In recent years, the fight against ocean plastic pollution has gone from a preoccupation of marine scientists to a movement embraced by everyone from schoolchildren to Queen Elizabeth II, galvanized by images of trash-strewn seas and sea turtles choking on plastic straws and other consumer castaways. Cities such as Seattle have moved to prohibit restaurants from offering single-use plastic straws and other nonrecyclable items, a policy increasingly adopted around the world.
Big corporations clearly are getting the message. In December, Dell, General Motors and other companies formed the NextWave consortium with nonprofit Lonely Whale to build a supply chain to intercept ocean-bound plastic trash and turn it into everything from packaging and furniture to bicycle parts.

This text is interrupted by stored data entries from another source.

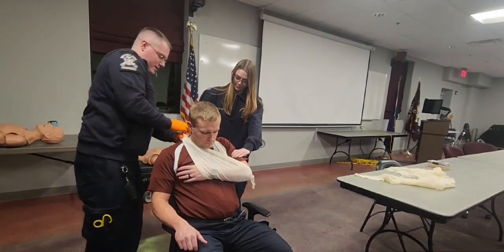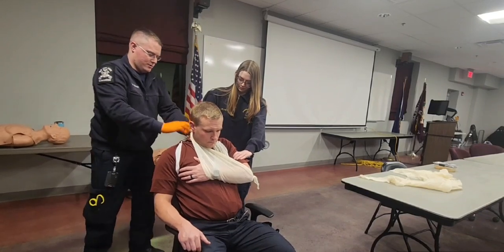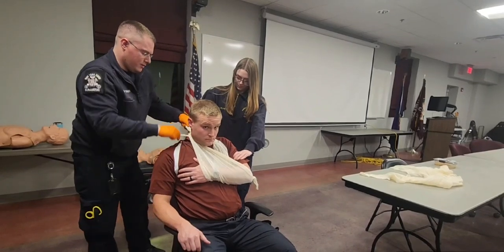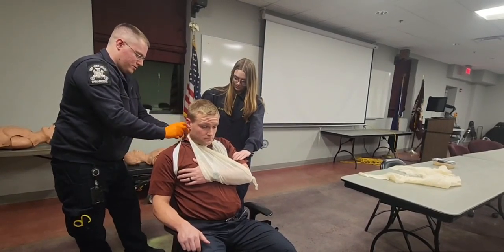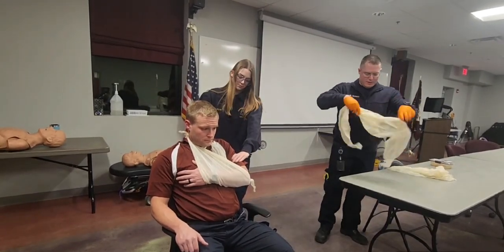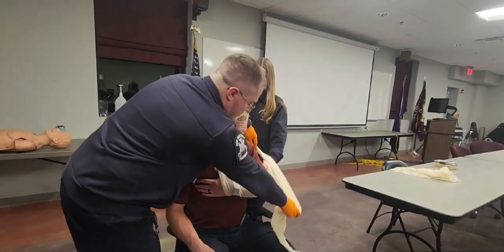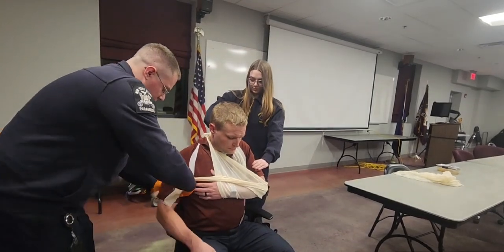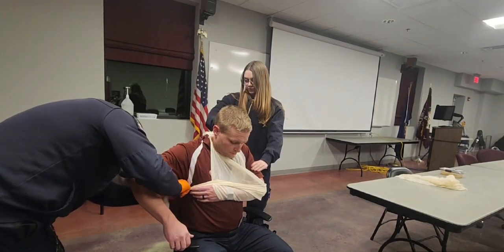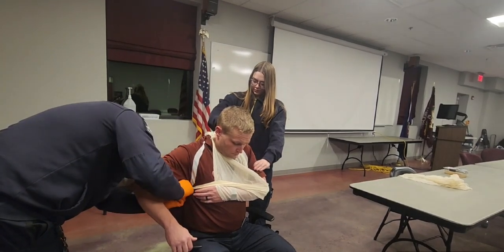I'm going to take out the slack behind and then tie a surgeon's knot in the back. The knot is tied. I'm going to apply another triangular bandage, making sure that I capture the elbow to support the weight, and go underneath his other arm and tie right here. This should support all the weight of his shoulder.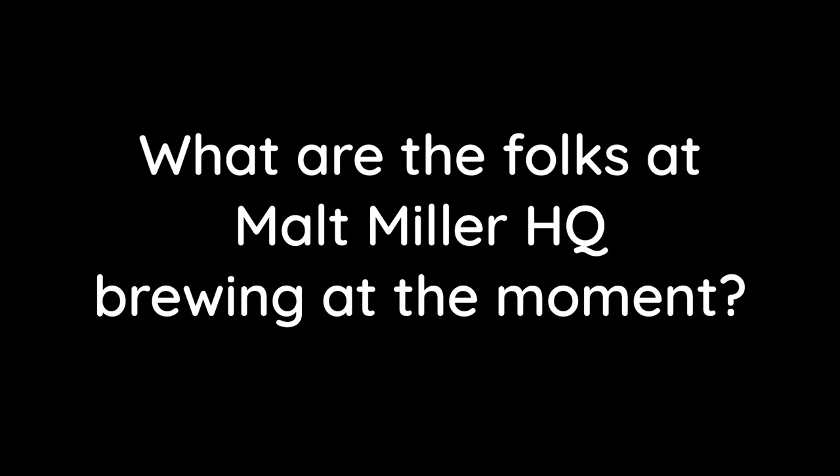What are the folks at Malt Miller HQ brewing at the moment? There's always plenty of hazy pales and hazy IPAs going on here, but we have absolutely fallen in love with lager brewing and that's really where our main concentration is at the moment.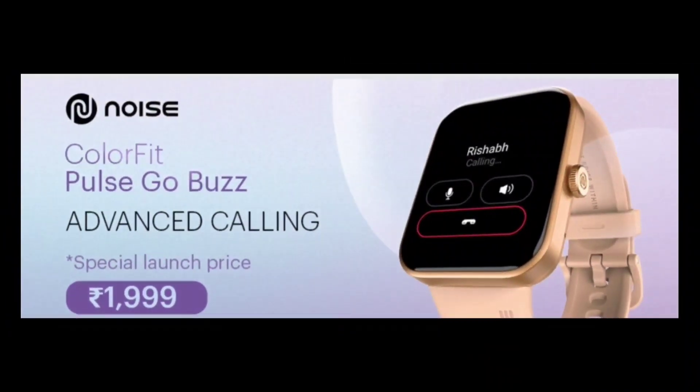Hello friends, welcome to Smartik G Channel. You are watching the Noise Colorfit Pulse Go Buzz. Let's look at this smartwatch's full features and review. This smartwatch is amazing to look at.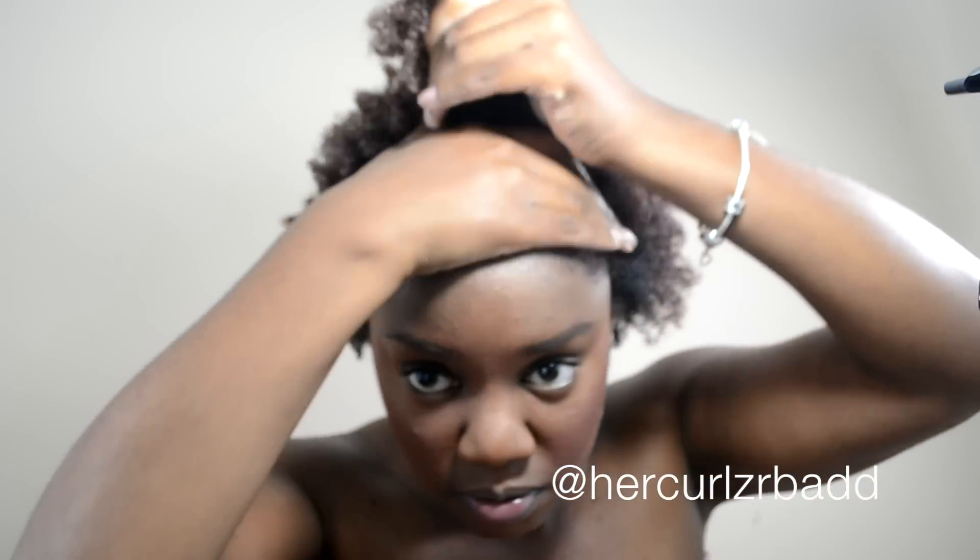In areas where I want to create more slip, I'll spray it with a little bit of water from my spray bottle, and I'll add more of the mask in that area. I finger detangled just a little bit — not too heavy with the finger detangling — because this is a quick style that I do before work or when I'm in a rush.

Consumer products giant Procter & Gamble, along with Unilever, PepsiCo and other Fortune 500 corporations, are appearing at high-profile ocean conferences to make commitments to reduce their plastic use and launch initiatives to recycle marine plastic debris.
At last year’s World Economic Forum annual meeting in Davos, Switzerland, P&G unveiled a new bottle for its Head & Shoulders shampoo comprising up to 25 percent plastic collected from beaches. And at the Our Ocean conference in Malta in October, the company introduced a Fairy washing-up liquid soap bottle made with 10 percent beach plastic and 90 percent other recycled plastic.
At this year’s World Economic Forum meeting in January, News Deeply’s executive editor and chief executive Lara Setrakian met with Virginie Helias, P&G’s vice president for global sustainability, to talk about the company’s ocean plastic efforts, new technologies to reduce waste and the importance of collaboration in tackling the marine pollution crisis.
Oceans Deeply: Why are consumers and P&G focused on the ocean plastic issue?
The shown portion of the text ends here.